## WHAT IS EXPECTED
In the entries below, find the line with "Projektor Epson EB-800F" and print exactly every line from there up to and including the line with "Unisex Heavy Blend Hooded Sweatshirt", with no other lines.
*** DATASET RECORDS Section Begins ***
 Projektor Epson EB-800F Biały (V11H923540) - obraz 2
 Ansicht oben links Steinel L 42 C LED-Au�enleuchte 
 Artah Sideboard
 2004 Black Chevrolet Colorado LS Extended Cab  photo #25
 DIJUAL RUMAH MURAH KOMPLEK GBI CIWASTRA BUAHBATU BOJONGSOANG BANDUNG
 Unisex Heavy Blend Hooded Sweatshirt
*** DATASET RECORDS Section Ends ***
*** DATASET RECORDS Section Begins ***
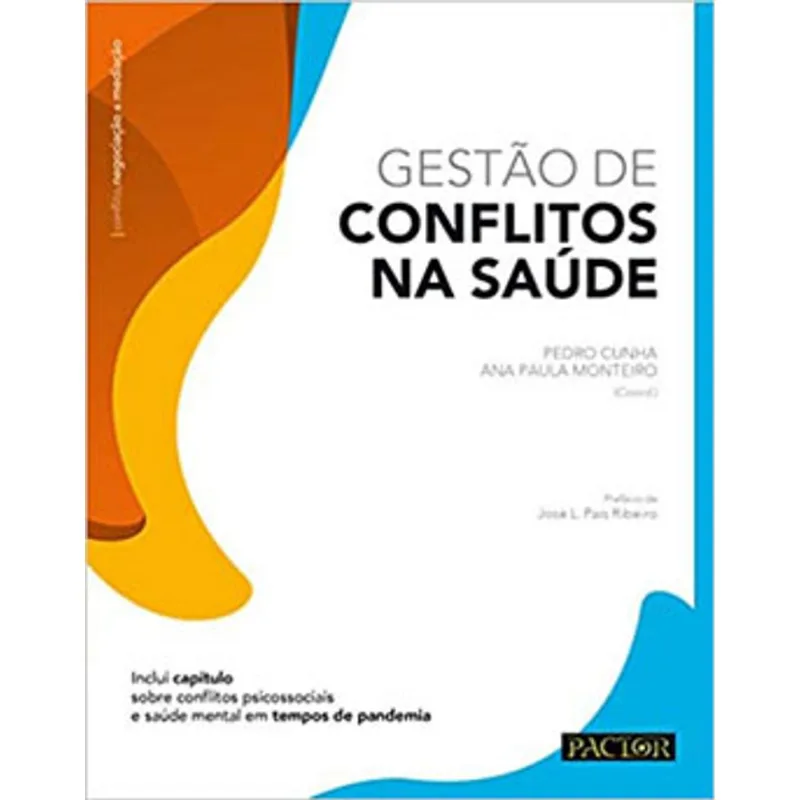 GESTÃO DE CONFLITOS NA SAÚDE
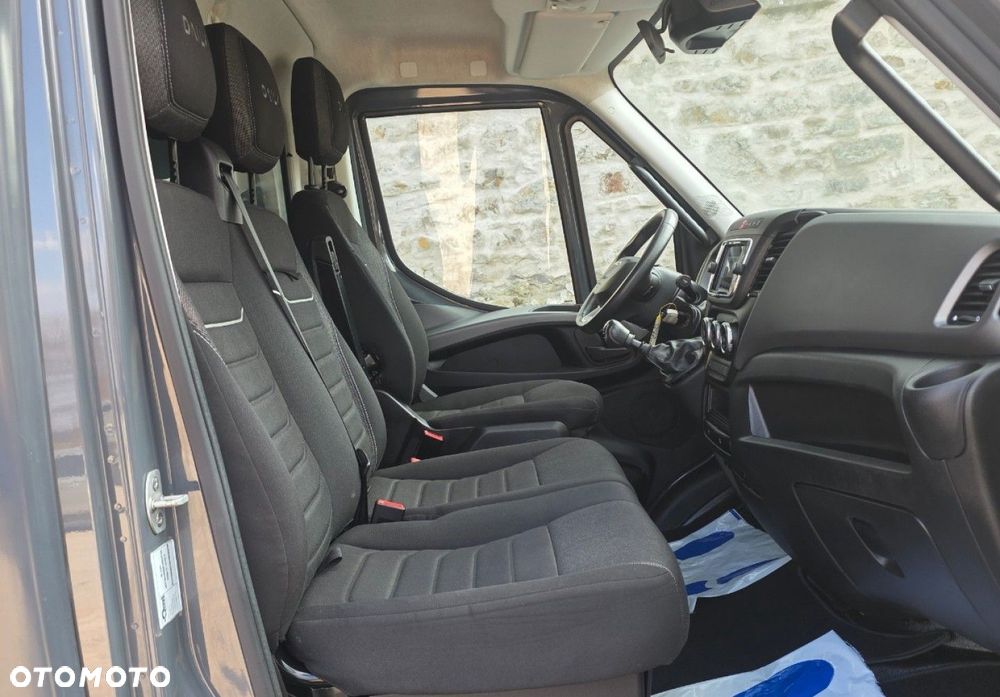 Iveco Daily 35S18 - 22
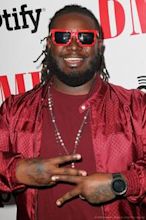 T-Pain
*** DATASET RECORDS Section Ends ***
## TASK ANSWER
 Projektor Epson EB-800F Biały (V11H923540) - obraz 2
 Ansicht oben links Steinel L 42 C LED-Au�enleuchte 
 Artah Sideboard
 2004 Black Chevrolet Colorado LS Extended Cab  photo #25
 DIJUAL RUMAH MURAH KOMPLEK GBI CIWASTRA BUAHBATU BOJONGSOANG BANDUNG
 Unisex Heavy Blend Hooded Sweatshirt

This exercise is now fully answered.